Environ 1 500 personnes se sont rassemblées vendredi devant la mosquée Al-Husseini à l'initiative des Frères musulmans et des formations de gauche

Des Jordaniens manifestent contre la décision du gouvernement d'imposer de nouvelles taxes sur des biens et des services et demandent la démission du gouvernement, à Amman, le 24 février 2017. (Crédit : Khalil Mazraawi/AFP)
Des Jordaniens manifestent contre la décision du gouvernement d'imposer de nouvelles taxes sur des biens et des services et demandent la démission du gouvernement, à Amman, le 24 février 2017. (Crédit : Khalil Mazraawi/AFP)

Des centaines de Jordaniens ont manifesté vendredi à travers le pays contre des nouvelles taxes imposées par le gouvernement dont les protestataires ont réclamé la démission.

Le gouvernement a récemment imposé des taxes sur différents produits, dont le pain, le pétrole, les cigarettes, internet ou les boissons gazeuses.

Environ 1 500 personnes se sont rassemblées vendredi après la grande prière hebdomadaire devant la mosquée Al-Husseini dans le centre de la capitale à l’initiative des Frères musulmans et des formations de gauche.

Les protestataires ont marché du parvis de la mosquée au siège de la municipalité scandant des slogans hostiles à la hausse des prix et réclamant la démission du gouvernement.

« Les gens sont en colère et tout cela à cause de la montée des prix », lançaient certains manifestants, selon un correspondant de l’AFP.

« Le gouvernement qui fait grimper les prix doit tomber, le gouvernement qui appauvrit les gens doit déguerpir », ont encore scandé les manifestants.

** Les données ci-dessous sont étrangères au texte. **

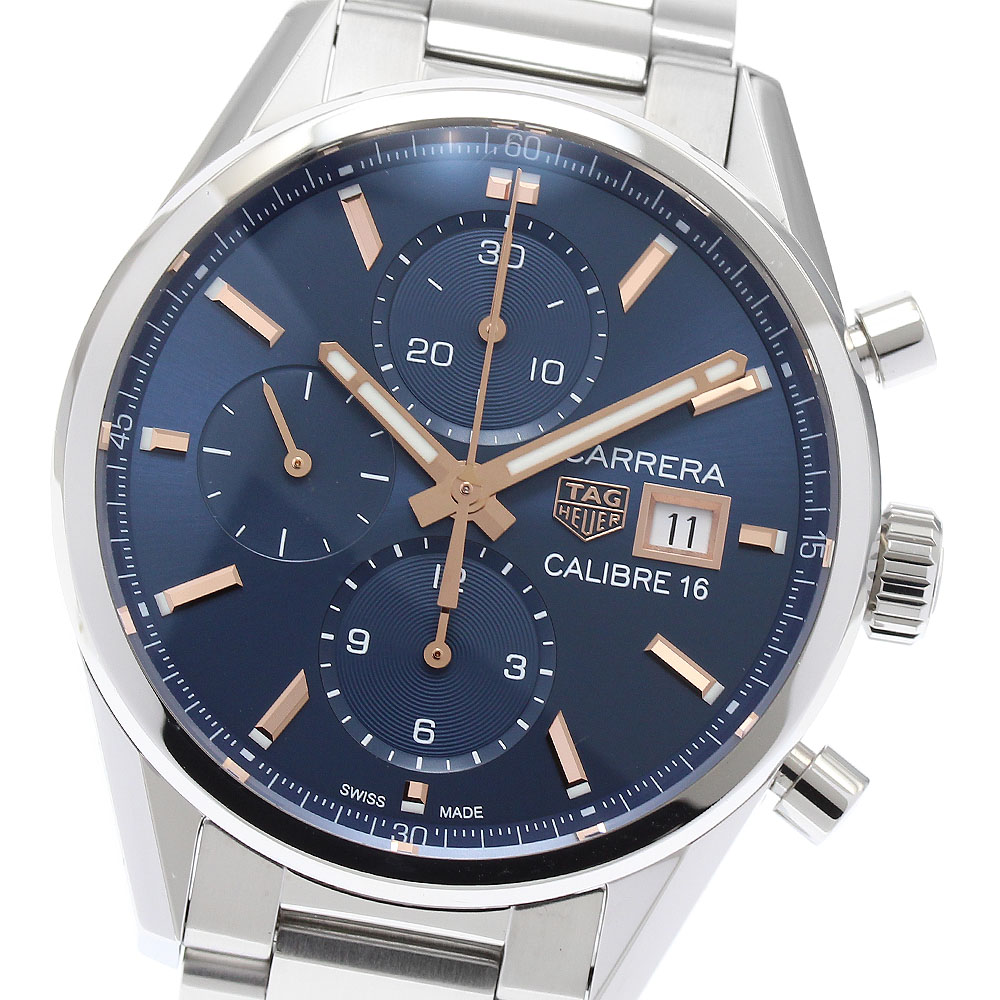 タグホイヤー TAG HEUER CBK2115 カレラ キャリバー16 クロノグラフ 自動巻き メンズ 箱付き_879160【中古】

Des manifestations similaires ont eu lieu à Al-Salt (nord-ouest), ainsi que dans les régions de Karak et de Madaba, au sud de la capitale.

La hausse des prix intervient alors que le royaume s’est engagé à réduire progressivement sa dette publique à 77 % du PIB d’ici 2021 contre 94 % en 2015.

La Jordanie s’est vue accorder en août par le Fonds monétaire international (FMI) une ligne de crédit de 723 millions de dollars sur trois ans.

En contrepartie, le gouvernement jordanien s’est engagé à mettre en place des réformes structurelles, notamment dans le domaine de l’investissement, les secteurs de l’énergie et de l’eau, les finances et le marché du travail.

L’économie jordanienne a été sévèrement touchée par les conflits des pays voisins, l’Irak et la Syrie.

L’accueil de centaines de milliers de réfugiés syriens pèse lourdement sur le royaume dépourvu de ressources naturelles.